Although at first I expected a perfectionistic rant (I’m a recovering grammar geek, and even I thought writing an entire article about spaces was going a bit overboard), it turned out to be a solid piece with some interesting historical bits for me to learn.
The best lesson we can learn from this article, however, has nothing to do with grammatical or typographical spaces, but rather about the space between our thoughts, or the lack thereof. About how ridiculously mental -- that is to say, how concept-obsessed, how mind-based -- we’ve all become.
Where once we lived in nature, worked in the fields, tended gardens, crafted things with our hands, now we make our livings talking and pontificating, consigning the real labors to the machines.

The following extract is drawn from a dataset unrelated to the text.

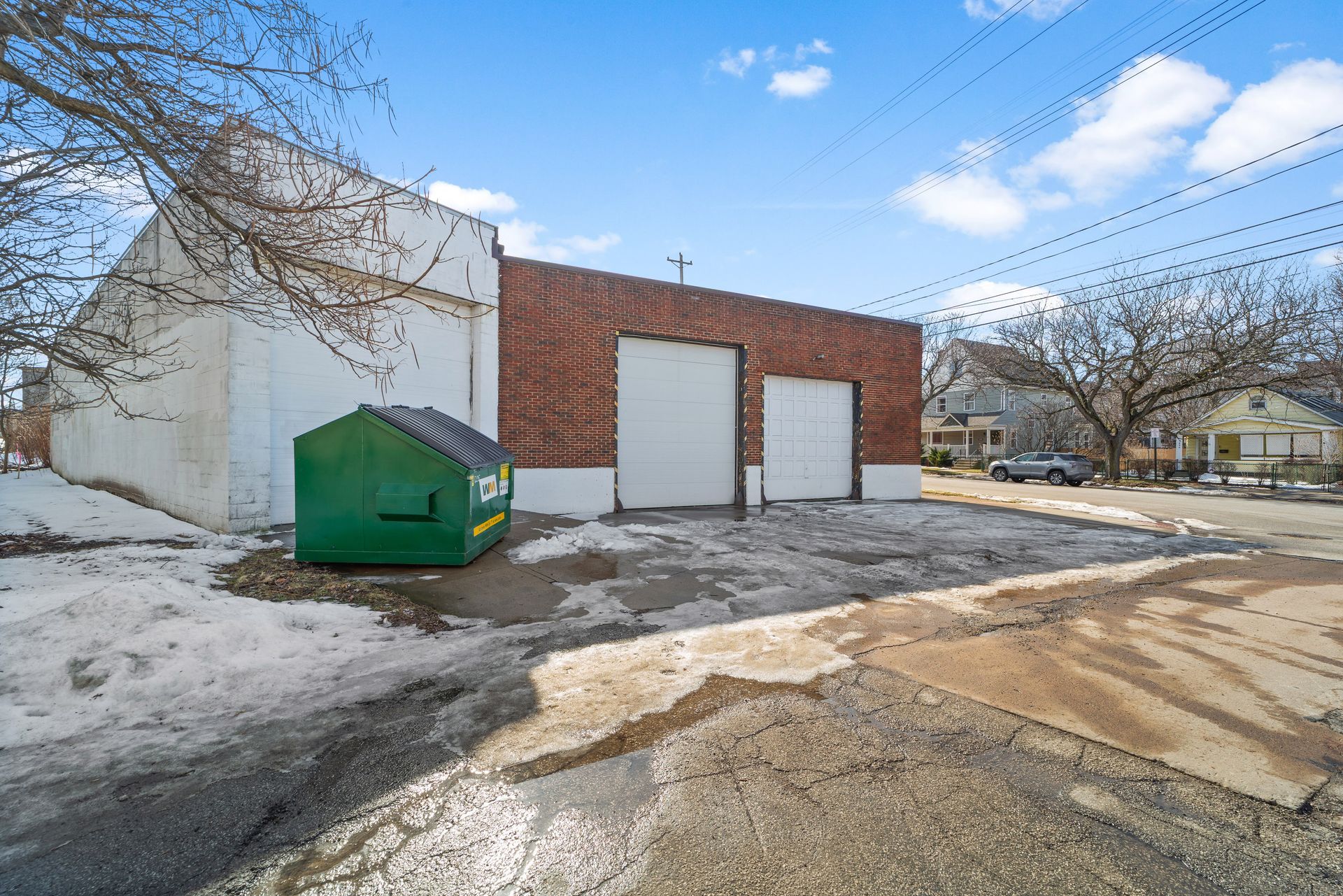 A red brick building with two white garage doors, a green dumpster, and patches of snow on the ground.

I’m not saying we shouldn’t have intellectual discussions, and I don’t feel there’s anything wrong with working with ideas versus concrete objects (the separation is just in our minds, anyway). But we’re focusing on a single word while forgetting to read the poem!
The result, unfortunately, is that we’re completely caught up in our thinking minds instead of living in the real world. We no longer know how to just be present to what we’re doing; there’s always a line of commentary, most often coming from within our own heads.
So even as we’re exposed to more incredible opportunities than could fit into ten lifetimes, we’re seeing record rates of depression, social isolation, anxiety, and suicides. Even conditions alleged to be entirely physical (I don’t believe anything is ever so separate) can be linked to the manic brain.
The secret is not to do more, or think differently, or be somebody else. The secret is to let the mind be still and to be present to what we’re doing, whether that’s working in a garden or punching a keyboard, trying to decide how many spaces to use. The impact is profound.